TASK OBJECTIVE: In duplicating the lines below, keep every word unchanged and drop the pictures.

RAW DATA:
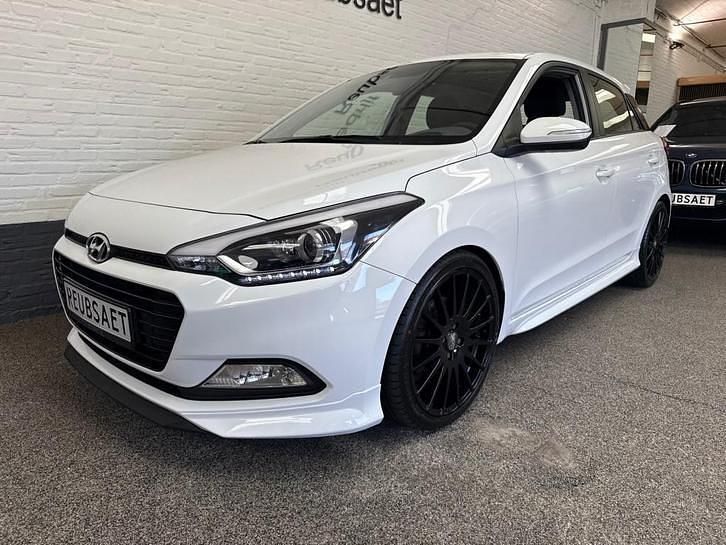 Occasion Hyundai i20 Sport 120 PK (88 kW) 2016 Wit Hatchback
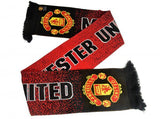 Manchester United Spackled Scarf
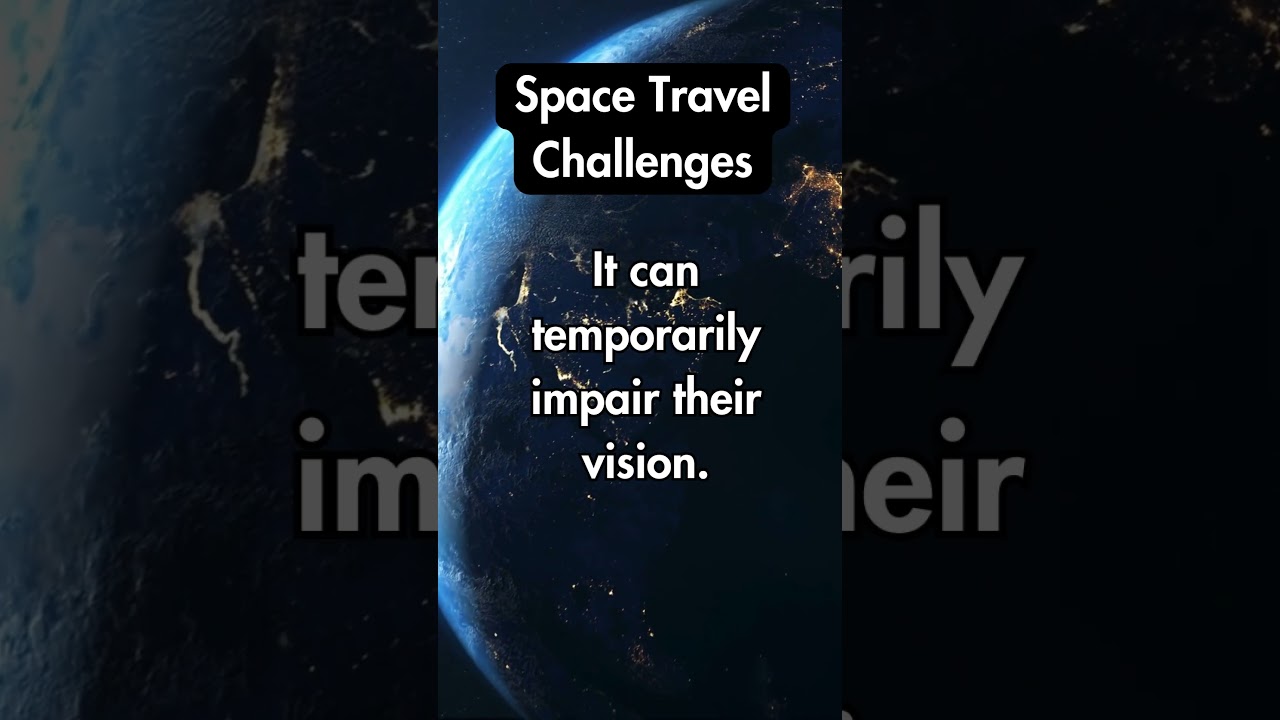 Space Facts Part 20: Challenges of Space Travel 🚀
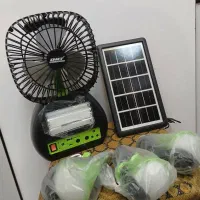 پنکه شارژی ،اضطراری و چراغ قوه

OUTPUT FOR THIS TASK:
 Occasion Hyundai i20 Sport 120 PK (88 kW) 2016 Wit Hatchback
 Manchester United Spackled Scarf
 Space Facts Part 20: Challenges of Space Travel 🚀
 پنکه شارژی ،اضطراری و چراغ قوه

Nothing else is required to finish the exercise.